The city “was one of four Georgia cities ranked at the top of Georgia municipalities for its efforts to reduce solid waste entering landfills,” said The Citizen article. I’m delighted, of course, to see any diversion of materials from landfills, but we could be doing so much, much more.

Several times in just the past year, newcomers who perceive me as knowledgeable about the community have asked where they can take certain items to be recycled. Well, says I, newspapers and magazines are the easiest, since many of the schools, as well as the Public Works site on McIntosh Trail, have dumpsters out 24/7 for paper.

Cans and bottles: Neely fire station and the Rockaway Road recycling station take aluminum, but not metal bottles, nor plastic. Those you have to carry to the county transfer station in Fayetteville.

White paper: Forget about it in Fayette County. The only places I know that take office paper on the south side are Newnan Salvage and the receptacles at the Wal-Mart in Union City.
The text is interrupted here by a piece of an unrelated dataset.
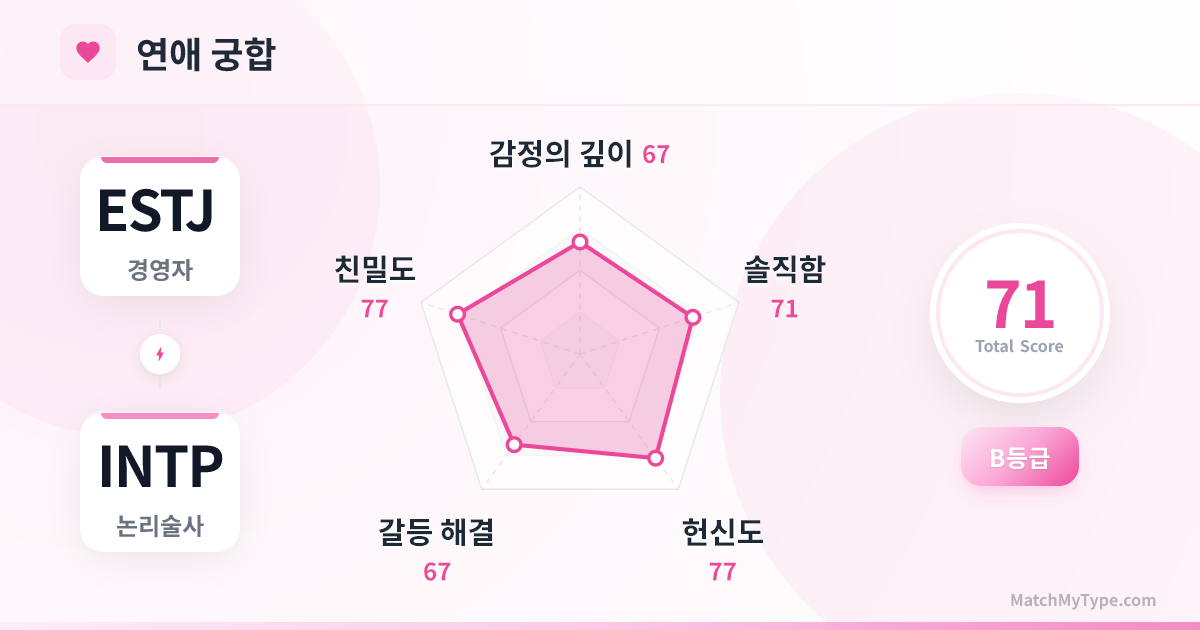 ESTJ x INTP 연애 스타일 - 연애 궁합 레이더 차트 분석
Cardboard: Corrugated only at the county and the Rockaway Road sites, but the cereal-box grade? Nowhere that I know of. And tree and shrub cuttings are so limited it may be easier to cut branches into little bites and send them down the garbage disposal. (I didn’t say that!)

“What?” they ask in dismay. “There’s no one place to take everything?” ’Fraid not. “Are you too cheap to pay your trash hauler to take recyclables?” snipes an acquaintance, overhearing my negative response. Yes, I reply, and for two good reasons.

First, by working at recycling even though it’s inconvenient, Dave and I have decreased the flow of landfill-bound trash from our house to one barrel a month, and that not always full. There’s no option for reduced rates for fewer pickups, hence, no incentive to recycle.

Of more concern, however, are credible reports from residents that companies are collecting fees purportedly to pick up recyclables, but route them to landfills anyhow. A Coweta waste hauler challenged by a customer said bluntly that he wasn’t making enough money off recyclables to make it worth his while, hence he was dumping them. A neighbor of ours got the same answer from her hauler when she asked why her carefully sorted recycle boxes were being poured into the back of the trash truck.

Sanitary workers have on several occasions called reporters with similar stories, but declined to identify themselves, so their allegations cannot be confirmed. It’s all about money. I’m not a student of economics, but even I understand that. It costs money to recycle and it still costs money to use recycled materials.

A report earlier this year trumpeted that recycling has failed because it’s just not cost-effective. Lots of things appear not be cost-effective, but in the long run, NOT recycling will cost far more in terms of energy, depletion of resources, degraded water and air quality, and landfill management than recycling possibly could.

None of this is new. We all know it depends on closing the loop and developing a market for products made of recycled materials. Government is doing a fair job mandating a percentage of government-issued paper products to be made of reclaimed materials. Now comes news of a revenue surplus on both county and federal levels, and discussions of how to use it creatively. Why not give tax breaks, substantial ones, for the reuse of recycled products, for truly fuel-efficient vehicles, for transportation innovations?

Make good environmental stewardship cost-effective at the day-in, day-out grass-roots level, and watch participation escalate. Or try Germany’s solution: Require merchants to accept recyclables in their stores. The amount of packaging materials declined steeply when buyers in stores with overflowing recycle bins demanded that manufacturers quit over-packaging products or they’d take their business elsewhere.

There are bins on every street corner as well, and citizens routinely toss bottles and cans and papers into them on their way to the subway every morning.

Permit me to float another idea (pun intended): Recycle water. Many communities are already studying the use of treated waste water for irrigation, but why not use residential gray water on lawns and gardens? All it would take is construction of a holding tank for the water that comes from showers, laundry, the backwash of filters, even swimming pool water, then pumping it out to irrigate landscaping.

I checked with Rick Fehr, Fayette County’s environmental health officer, and it sounds like the only thing preventing this from happening is essentially a matter of semantics. State laws prohibit the discharge of untreated sewage, and sewage is defined in such a way as to include both gray water and black water (water containing human waste).

The issue comes up every time there’s a drought, Rick says. I guess when the Georgia General Assembly meets in January, the winter rains have washed away our concern for summer water shortages.

I urge our representatives to push for studies to define exactly what components of gray water might be unhealthy — discharge from garbage disposals, perhaps? — and craft legislation that would permit the discharge of safe gray water onto lawns and gardens. (Contrary to the belief of many, incidentally, detergent and soap in water will not harm plants but may actually benefit them.)

This kind of recycling is a win-win no-brainer. It would take pressure off our sewer systems and reduce the demand for drinking water, conserving precious resources and using water that would otherwise be discarded. By making recycling practical and universal, Peachtree City and all of Georgia would have reason to brag.